No1"But have you come across a deceased person that was buckled up?. You may not have been the one to "cut a dead person out of a belt" (you may have unbuckled them rater than cut them or removing the body was never your duty) but to suggest that you have been in fire and rescue for 50 years and know of NO instance where a person wearing a seat belt died at the scene of an accident is suspect at best." I'm not involved with fire and rescue and I know of several instances where people died in an accident while buckled up.#2 " In fact, statistically, I wouldn't be surprised if the majority of accident victims are buckled up. Not because being buckled is more dangerous, simply because I believe that the VAST
majority of people DO buckle up and yet many people are killed every day in vehicle accidents."

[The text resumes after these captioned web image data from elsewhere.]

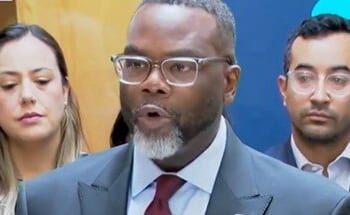 A man in a suit speaks at a press conference, flanked by two individuals, discussing important community issues.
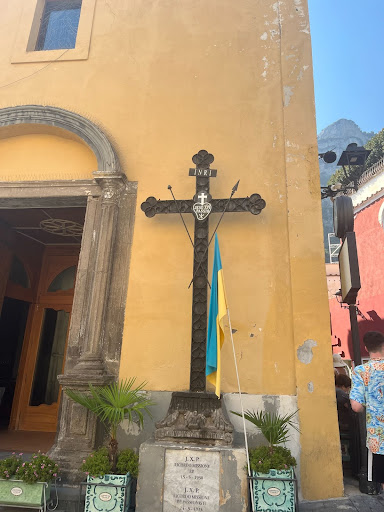 Cross on pedestal in front of a yellow building facade.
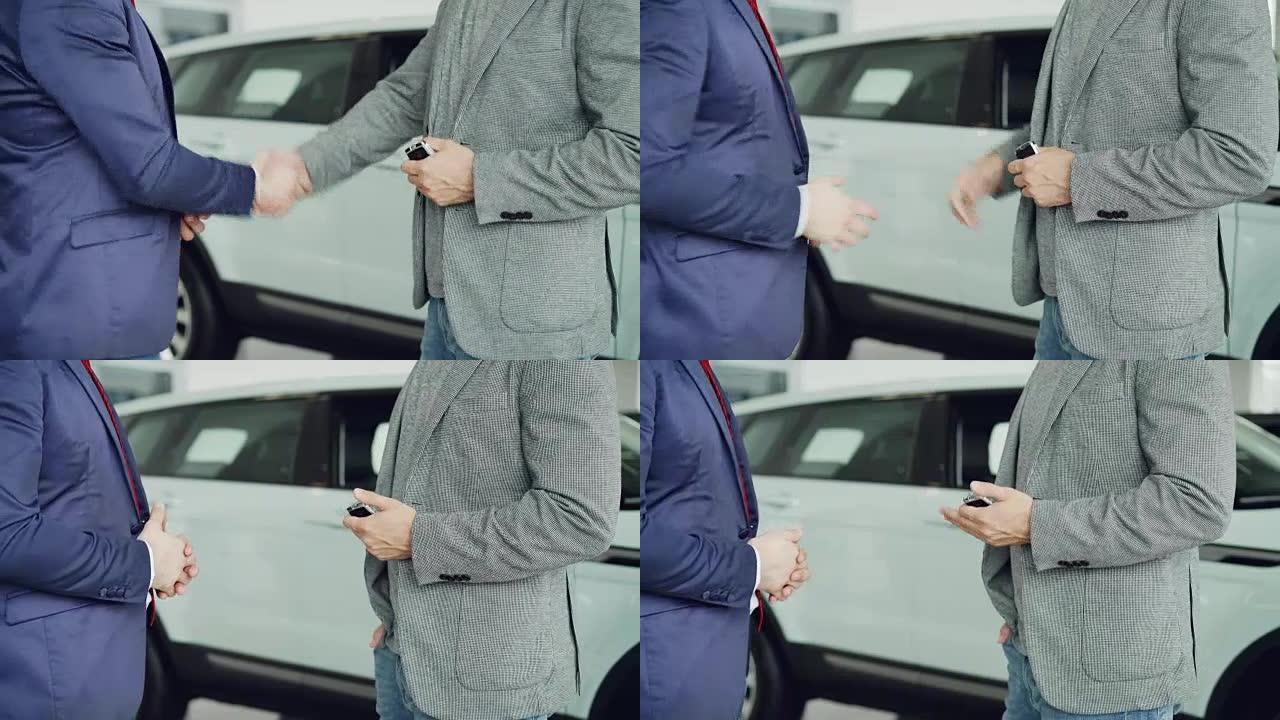 汽车陈列室的男工人正在将车钥匙交给买家年轻人，并与他站在豪华新车旁边握手。买卖车辆概念。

In answer to # 1 In the maybe 200+ real serious accidents I have administered to (and thousands of not so serious), no I have never cut or unbuckled a dead person. I said cut because we all carry a belt cutter and when fast action needs to be done it is faster and easier than finding a release button located in the center of the vehicle or dealing with a jammed buckle, especially on a dark night. Some have died at the hospital but were delivered there alive. Not so with many who were not buckled in. This is especially tragic when it involves infants and children not in car seats or restrained. As to No 2, you would be surprised how many do not wear belts even though you are suppose to almost everywhere. We find this happens many times where alcohol is involved.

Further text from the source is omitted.